RECORDS SHOWN:
--- --- ---

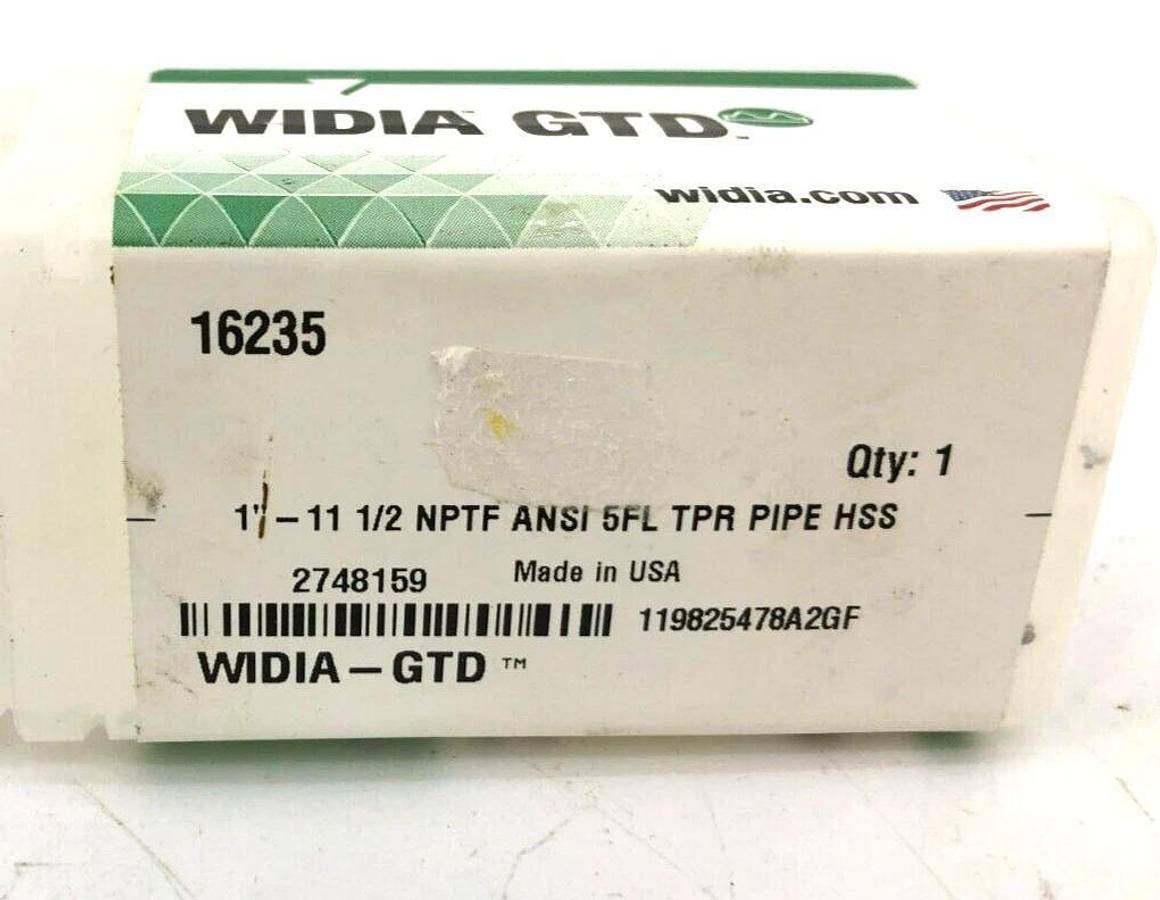 New Widia GTD 16235 Pipe Tap 1"-11-1/2, Taper, 5 Flutes
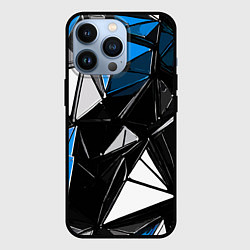Чехол для iPhone 13 Pro Сине-белые рельефные треугольники на чёрном фоне, цвет: 3D-черный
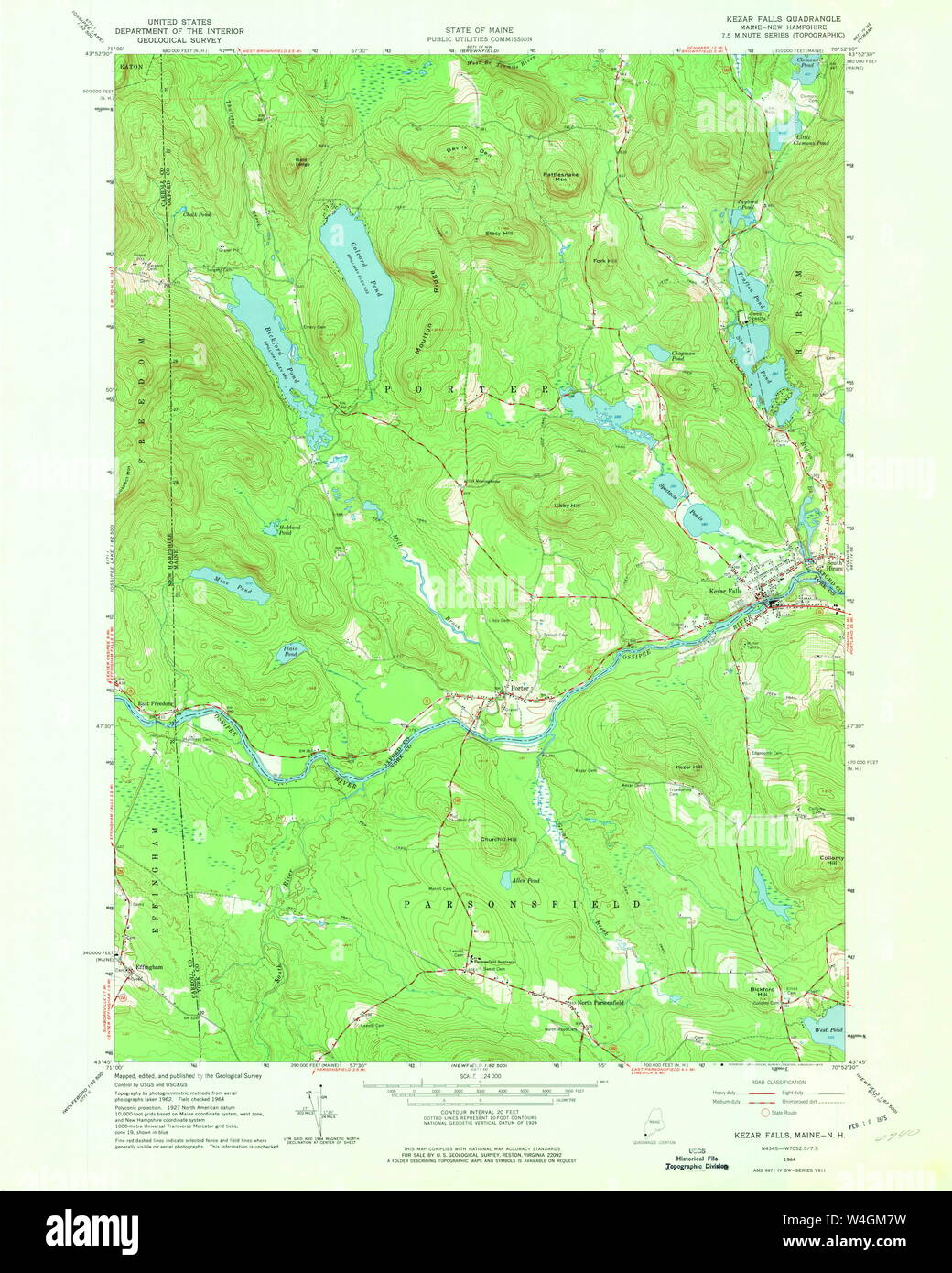 Maine USGS Historical Map Kezar Falls 806814 1964 24000 Restoration Stock Photo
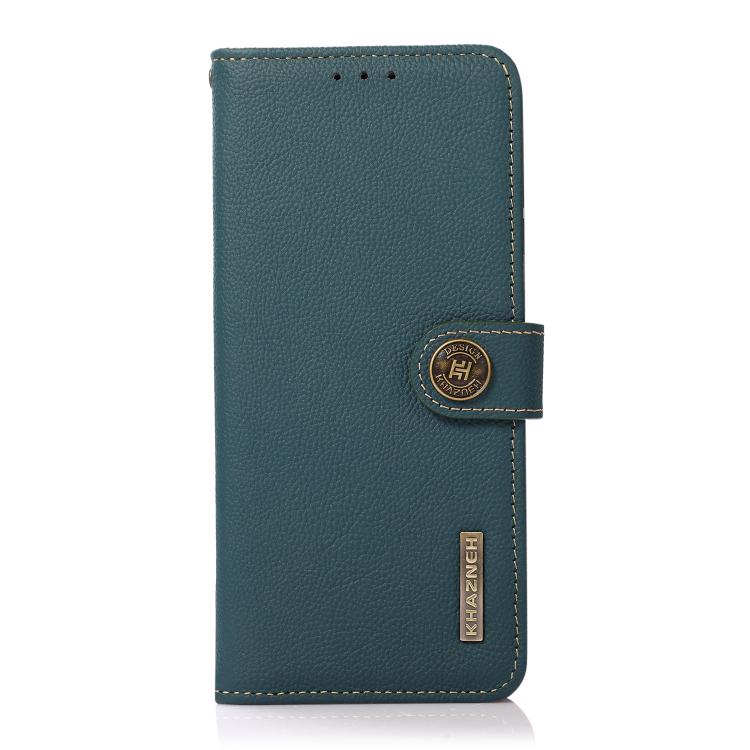 For iPhone 17 KHAZNEH Custer Genuine Leather RFID Phone Case(Green)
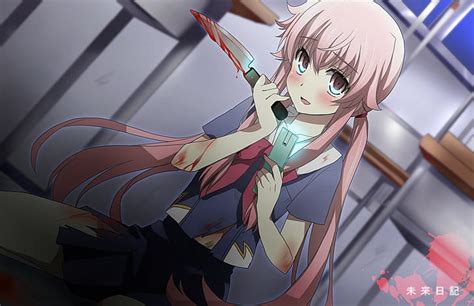 1024x768px | free download | HD wallpaper: Anime Girls, Gasai Yuno, Mirai Nikki, Yandere ...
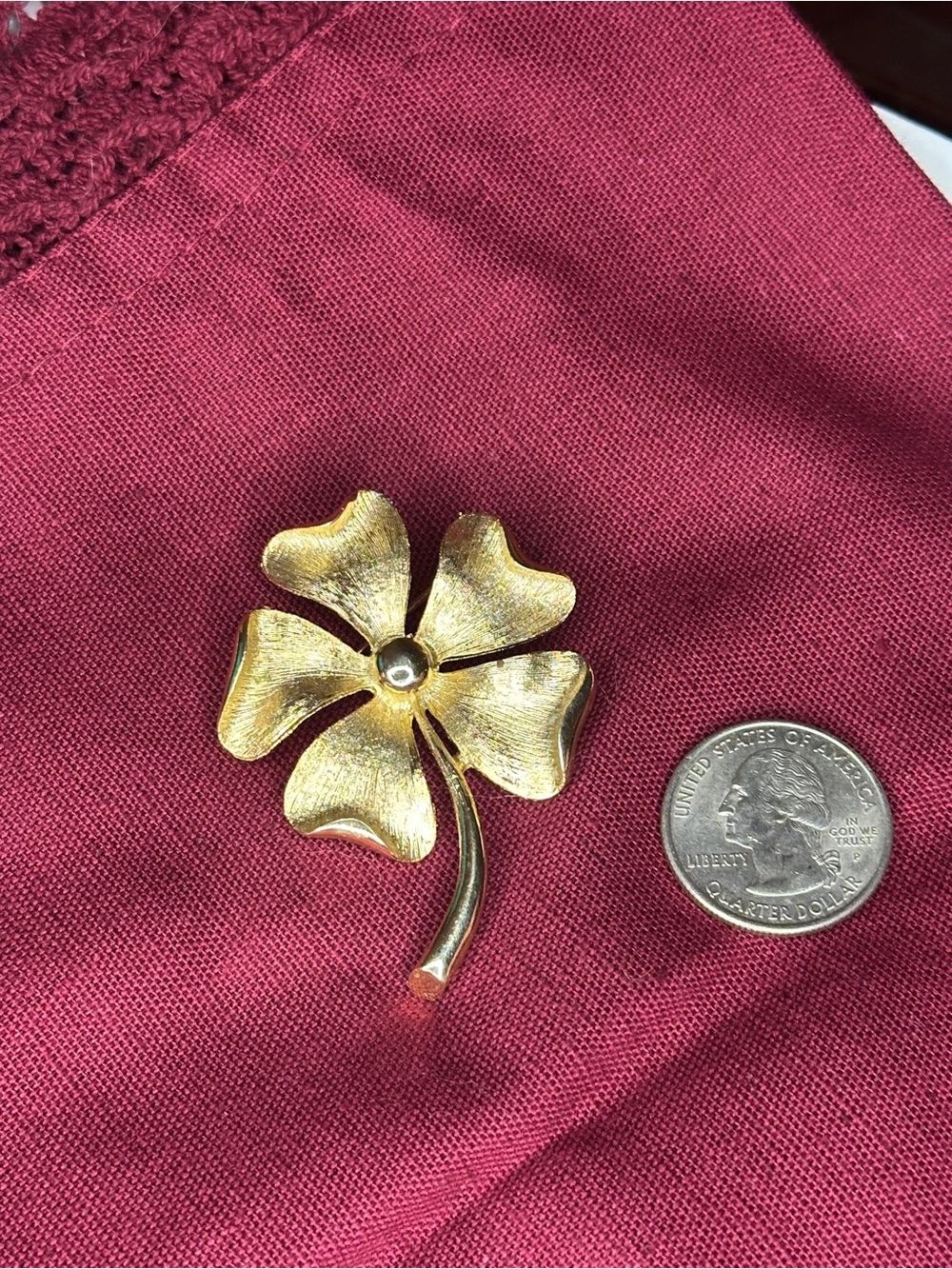 Sarah Coventry Gold Four-Leaf Clover Brooch Pin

--- --- ---

PROBLEM: Find the line containing "For iPhone 17" in the records above, then copy it and every line after it exactly, through the last one, without any pictures.

YOUR RESPONSE:
 For iPhone 17 KHAZNEH Custer Genuine Leather RFID Phone Case(Green)
 1024x768px | free download | HD wallpaper: Anime Girls, Gasai Yuno, Mirai Nikki, Yandere ...
 Sarah Coventry Gold Four-Leaf Clover Brooch Pin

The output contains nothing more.